A three-month extension would ensure the federal government does not default on its obligations. Treasury Secretary Timothy Geithner told Congress the nation will reach its debt limit sometime between mid-February and early March.
A vote on the temporary debt limit extension will take place next week, the Associated Press reports.
At the House GOP retreat in Williamsburg, Va., Speaker John Boehner will tell lawmakers that they will insist that members of Congress don't get paid until a budget is passed. Republicans are angry that the Democratic-controlled Senate has not passed a budget plan in four years.
"Before there is any long-term debt limit increase, a budget should be passed that cuts spending," Boehner will say, according to excerpts of his remarks released by his office. "We are going to pursue strategies that will obligate the Senate to finally join the House in confronting the government's spending problem. The principle is simple: No budget, no pay."
House Majority Whip Kevin McCarthy of California, the GOP's No. 3 leader, said in a statement that the three-month extension will "meet our immediate obligations and ensure a responsible budget passes both chambers of Congress."
President Obama has asked Congress to increase the debt limit without any conditions, as a way to calm financial markets. The fight over raising the debt limit and automatic spending cuts that take effect March 1 will be among the thorniest facing Obama as he begins a second term.
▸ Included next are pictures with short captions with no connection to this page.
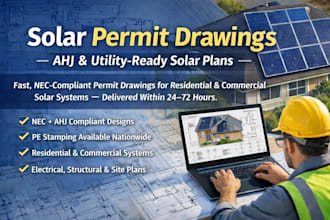 design pv permit plans, single line diagram and solar site plan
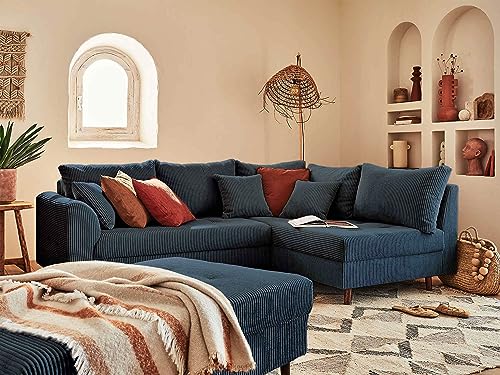 Lisa Design Rune – Ecksofa rechts – 4-Sitzer – mit hocker – aus Cord Nachtblau von Lisa Design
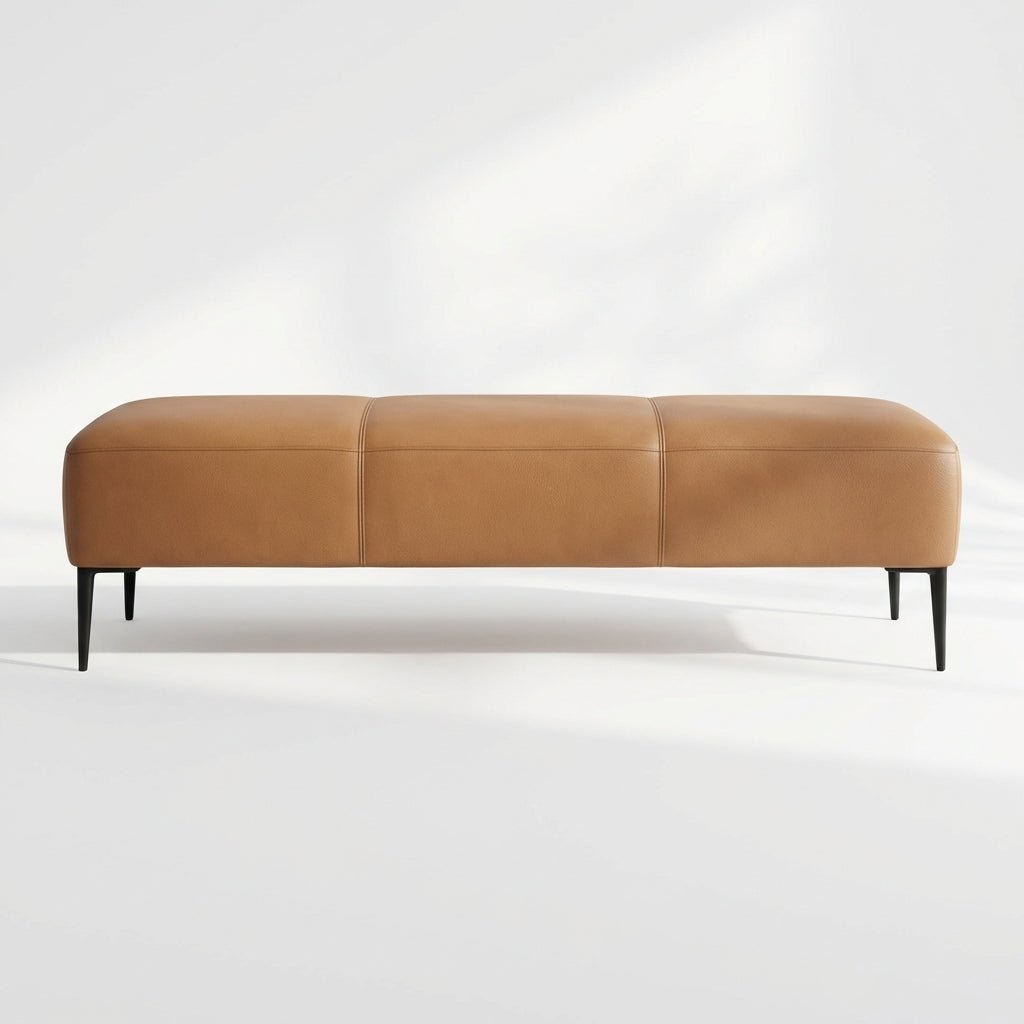 Camel Upholstered Bench with Metal Legs - Altera
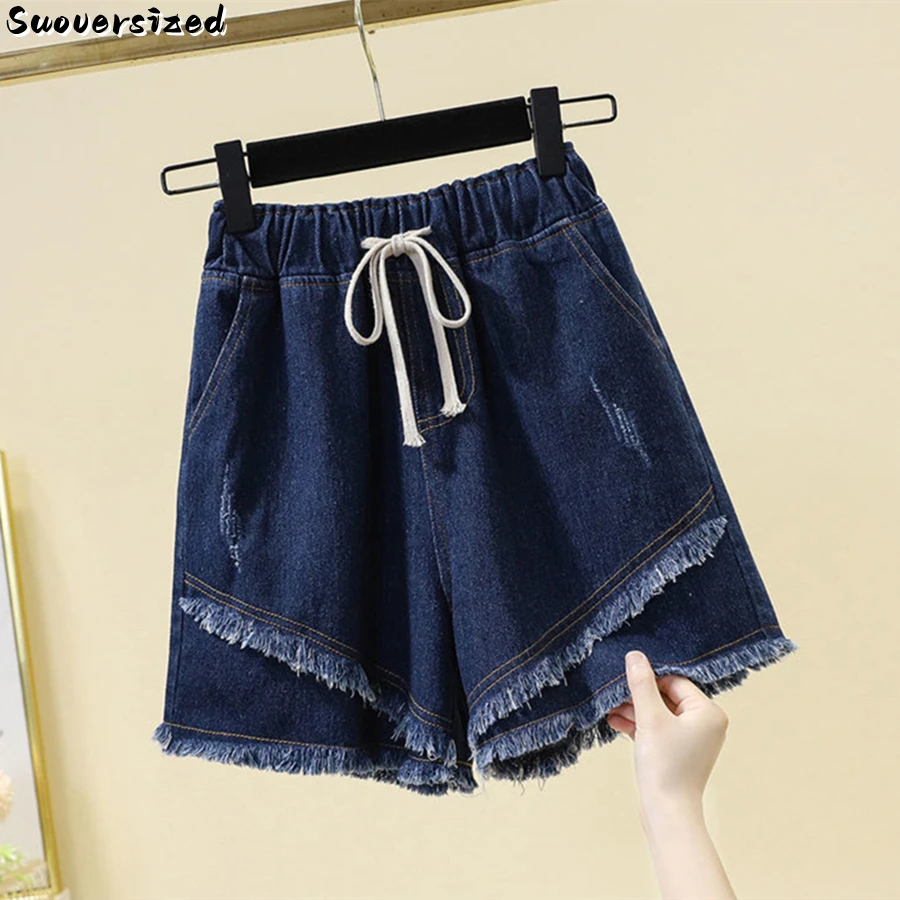 

Wool Edge Design Short Baggy Jean Women Blue Pantalones Cortos Elastic High Waist Vaquero Oversize 4xl Loose Wide Leg Denim Pant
A spokesman for Senate Majority Leader Harry Reid, D-Nev., welcomed the overture on the debt limit but said Democrats want no strings attached.
"It is reassuring to see Republicans beginning to back off their threat to hold our economy hostage," said Adam Jentleson, Reid's spokesman. "If the House can pass a clean debt ceiling increase to avoid default and allow the United States to meet its existing obligations, we will be happy to consider it."
The House GOP retreat in Williamsburg concludes Friday.